В Дрездене под влиянием событий образовались два политических общества. Первое называлось Deutscher Verein [«Немецкий союз»], и в программе его значилась «конституционная монархия на широчайшей демократической основе». О совершенной безопасности его стремлений можно было судить по именам его главнейших основателей, среди которых, при «ширине демократической основы», Эдуард Девриент и профессор Ритшель числились рядом. В противовес этому обществу, куда укрылось все, что на деле боялось революции, основалось другое – Vaterlands Verein [«Отечественный союз»]. В нем «демократическая основа» играла главную роль, а «конституционная» монархия служила как бы ширмой.
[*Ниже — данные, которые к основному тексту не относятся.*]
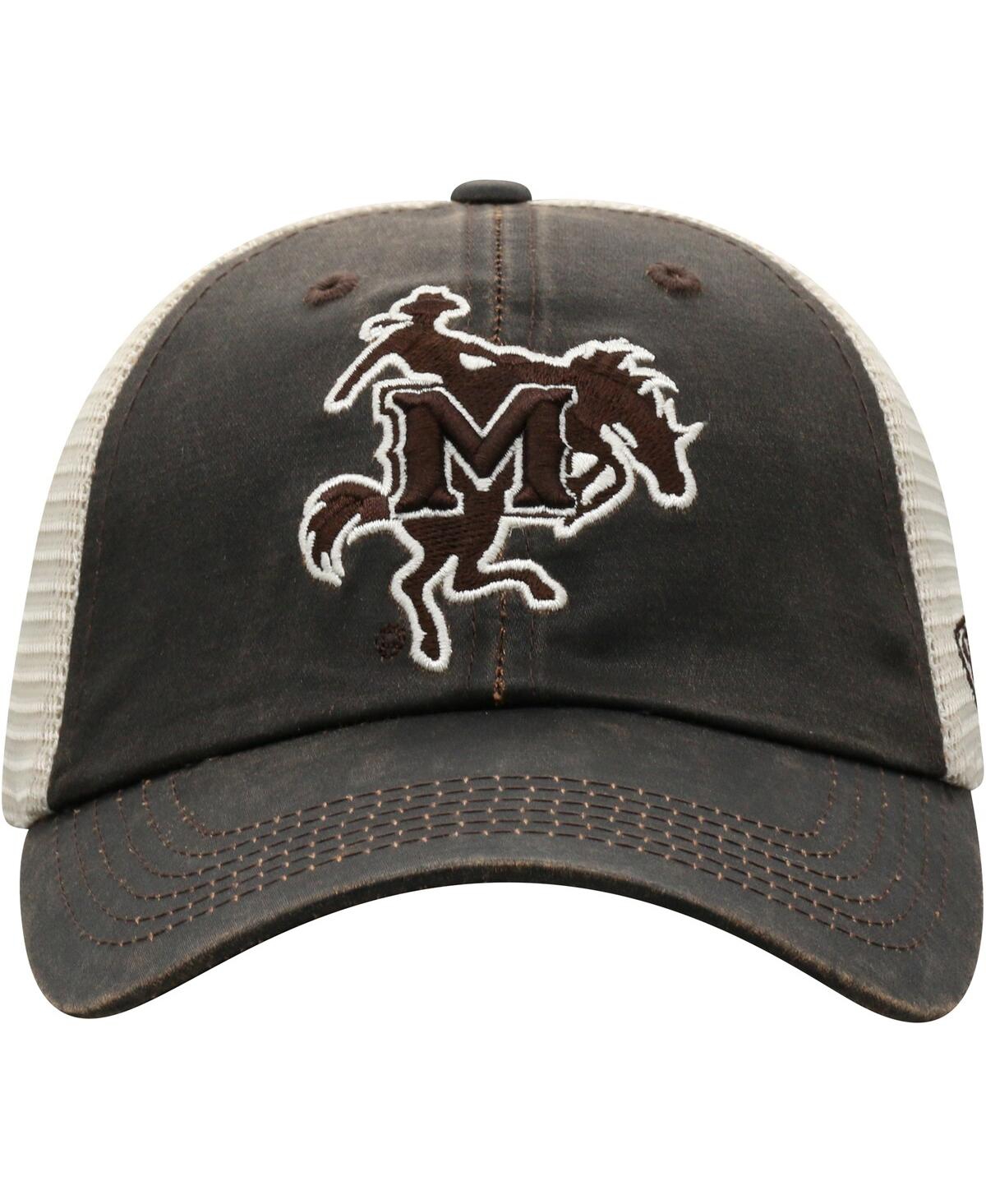 Top Of The World Brown Mcneese State Cowboys Scat Mesh Trucker Snapback Hat In Brown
Рёкель агитировал страстно в пользу этого общества, так как он потерял всякое доверие к «монархии». Дела шли из рук вон плохо. Уже давно он бросил всякую надежду добиться чего-нибудь своей музыкальной деятельностью. Место музикдиректора превратилось для него в чистейшую повинность, дававшую такой ничтожный доход, что при ежегодно увеличивавшейся семье он не сводил концов с концами. Тем не менее ему приходилось дорожить этим местом, так как уроки в домах состоятельных иностранцев, которых было в Дрездене много, вызывали в нем непреоборимое отвращение. Так влачил он жалкое существование, погрязая все глубже в долги и мечтая об одном: переселиться в Америку, где в качестве фермера он надеялся трудами рук и напряжением изобретательности медленно, но верно доставить себе и своим потомкам приличное общественное положение.
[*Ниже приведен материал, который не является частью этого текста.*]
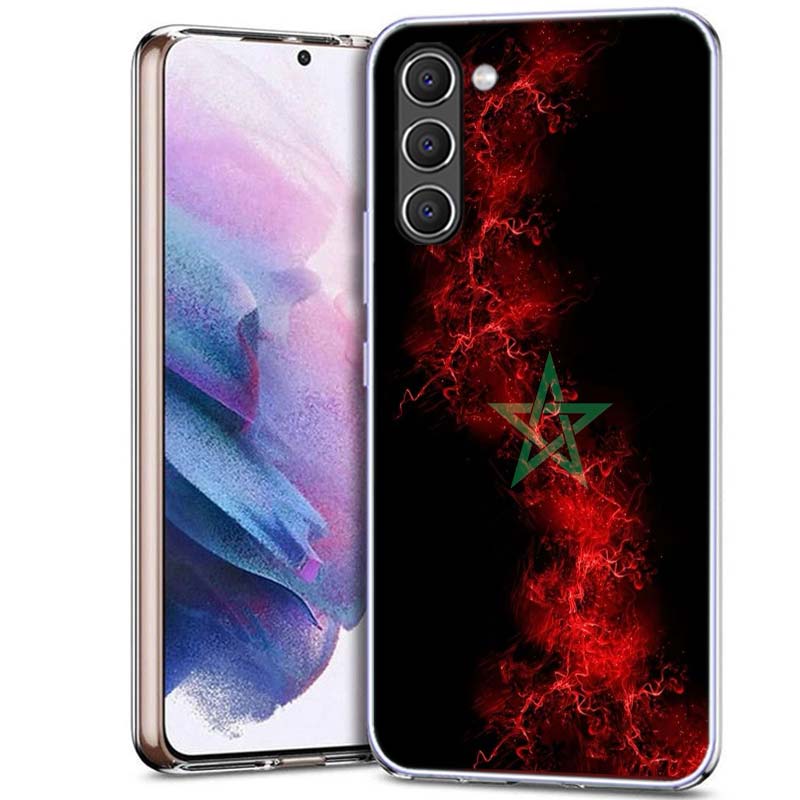 Marokko Flagge Fußball Handyhülle für Samsung A16 A26 A36 A56 A17 A37 A57 A07 A06 A02S A12 A22 A32 A52S A72 Galaxy A70 A50S A71 A51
На наших прогулках он делился со мной сведениями, почерпнутыми из сочинений по политической экономии. С большим пылом применяя взгляды, в них изложенные, он надеялся этим путем улучшить свое стесненное положение. В таком состоянии застало его движение 1848 года, причем он немедленно примкнул к крайним социалистическим течениям, идущим из Парижа. Знавшие его ранее были в высшей степени удивлены той видимой переменой, которая в нем произошла. Он заявлял, что нашел наконец свое истинное призвание, призвание бунтовщика. У него не хватало самоуверенности для выступления в качестве оратора на трибуне, но тем сильнее развернулась его энергия в частных отношениях. Никаким возражениям он не поддавался, и кого он не в состоянии был увлечь, того отталкивал от себя окончательно. Он был захвачен своей задачей до того, что дни и ночи только ею и занимался, и ум его необыкновенно изощрился в способности опровергать каждое банальное возражение. Внезапно он стал как бы проповедником в пустыне. В любой области революционного вопроса он чувствовал себя как дома.